10 Tips to Improve Your Sales Performance

The sales profession moves faster than ever today. In the blink of an eye, new competitors emerge, products similar to yours are released, and before you know it, it’s a race to the bottom.

No matter what industry you’re in, what worked well a few years ago isn’t good enough today. This is no time for trial and error or order taking; this is a time to sell. Here are some basic steps you can take to improve your sales performance, reduce your cost of selling, and ensure your survival.

1. Clarify your mission. 
Begin by understanding your business niche. What do you do best? Who needs what you do? How do you best approach these prospects? How much are they willing to pay? If these questions are not answered easily, campaign at the top for clarity and vision.

2. Break the mission into specific goals. 
Write down the activity goals (calls per day, proposals per month, referrals per call, etc.) that you can control. Set results goals (sales per month, amount per sale, profit per sale, etc.) to measure your progress, and track them closely. Increase your activity and measure the results. Goals focus your attention and energize your action.

3. Sell to customer needs. 
Always assume your prospects will buy only what they need. How can you convince them of that need? Emphasize the features of your product or service that reduce costs and solve problems for the customer. Sometimes you can reposition your wares. For example, you sold wool uniforms for their look and feel; now stress wool’s durability and lasting value. Be creative in your sales and marketing.

4. Create and maintain favorable attention. 
Effective marketing, referrals, strong sales skills, and strategic questions are the keys to creating favorable attention. Diligent follow-through and above-and-beyond customer service are the keys to maintaining it.

5. Sell on purpose. 
Know both what to do and why you’re doing it at every step along the way. Who are you targeting and why? What are you going to tell them and why? What are you going to ask them and why? What is your proposal going to look like and why? When are you going to ask for the order? If you don’t feel sure of yourself at every step of the selling process, get some training or guidance.

6. Ask, listen, and act. 
Better than any others, these three words summarize success in sales. Your questions must be creative, planned, relevant, and direct. Your listening skills must be highly developed. You must respond and take action that proves that you listened to the customer and want the sale.
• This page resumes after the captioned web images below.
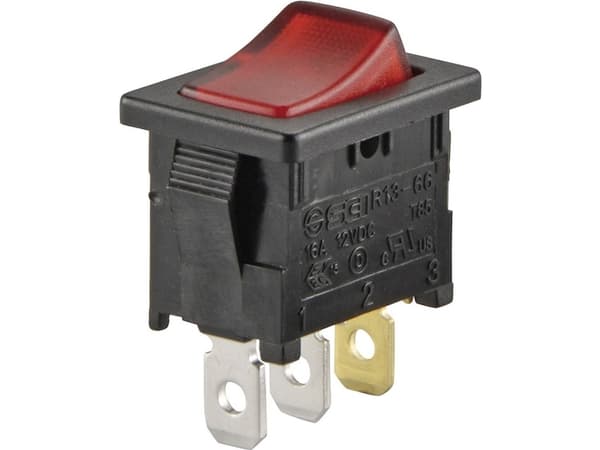 TRU COMPONENTS Vippbrytare TC-R13-66B-02 LED 12V/DC 12 V/DC 16 A 1 x Av/på Klickande 1 st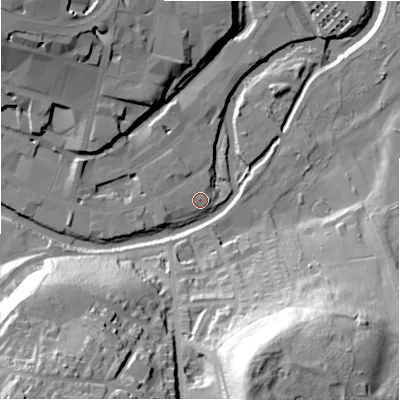 Shaded relief map of the ground around HD13DQ, computed from Environment Agency LiDAR. The ground here sits at about 68 m above sea level and falls 58 m across the surrounding 800 m. Surface water reaching this point runs off ground lying to the west, 2.4 m higher.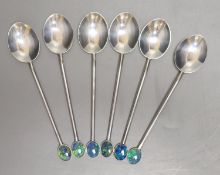 A set of six sterling coffee spoons with faux black opal set terminals, 92mm, gross weight 43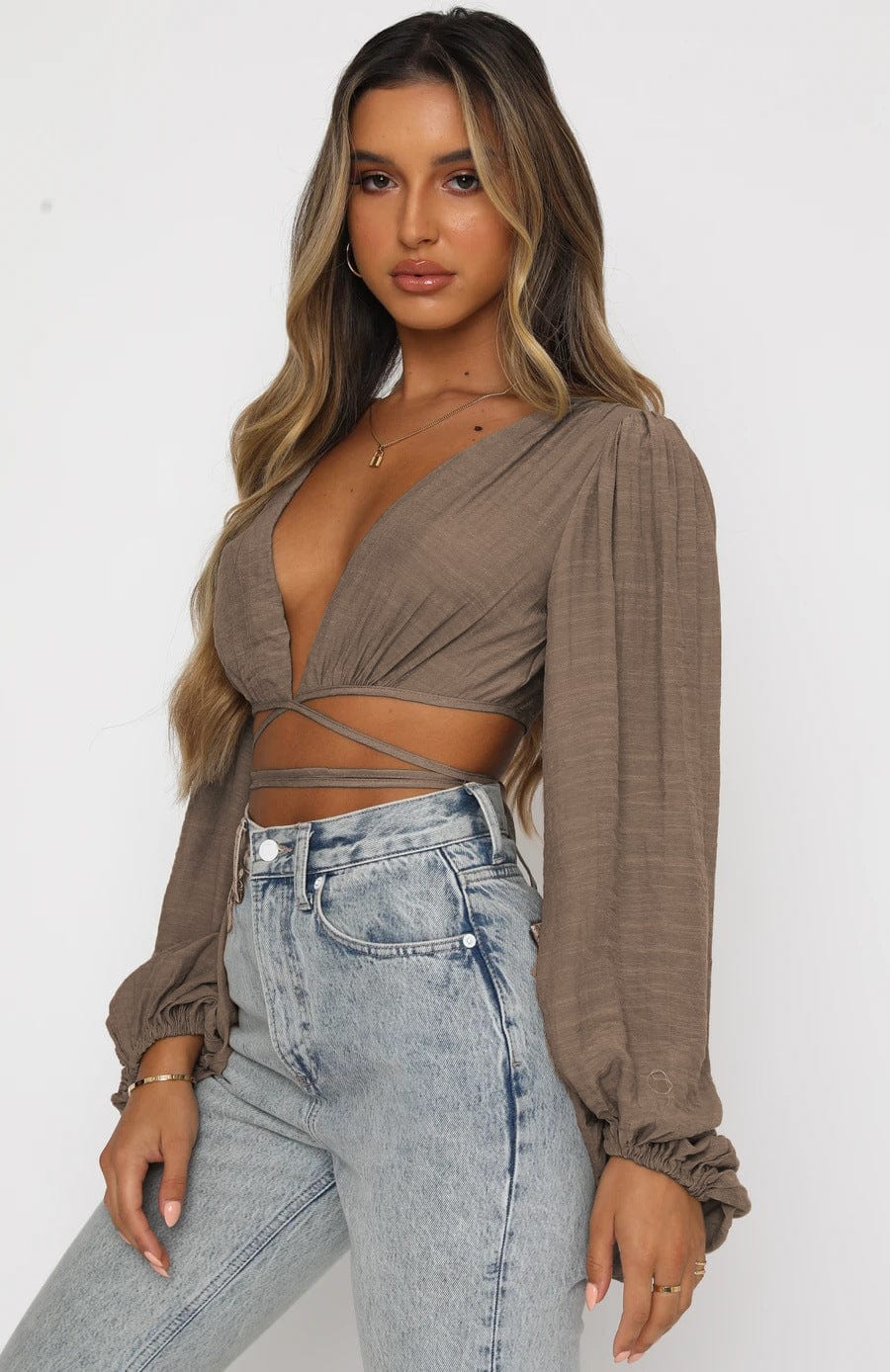Plunge V-Neckline Puff Sleeve Wrap Top - Image 6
7. Take the responsibility but not the credit. 
Realize that you are the team leader. The company looks to you for direction and supports your effort. To build a strong support team willing to go the extra mile when you need it, give your team the credit for everything that goes right, and take the blame when it goes wrong.

8. Work on the basics. 
Even the best of the best have room for improvement. Make a decision to improve your weaknesses, and set goals to force yourself to do the things you don’t like to do. Be more creative in your prospecting, fact finding, and presentation skills. Imagine the perfect salesperson and compare yourself to the ideal.

9. Develop your attitude. 
Your attitude is controllable. Conquer your fears. Change the beliefs that limit your success. Your thought habits control your commitment, enthusiasm, persistence, resilience, happiness, and confidence. Be aware of them, decide which ones are unproductive, and then make a commitment to change. With time and effort, you can become the person you want to be.

10. Maximize your time. 
Focus on your goals. Test every activity for its importance and urgency. Create an ideal schedule, and test your actual time use against it daily. Remember, just one hour a day used more productively adds up to more than six extra weeks of productive time a year.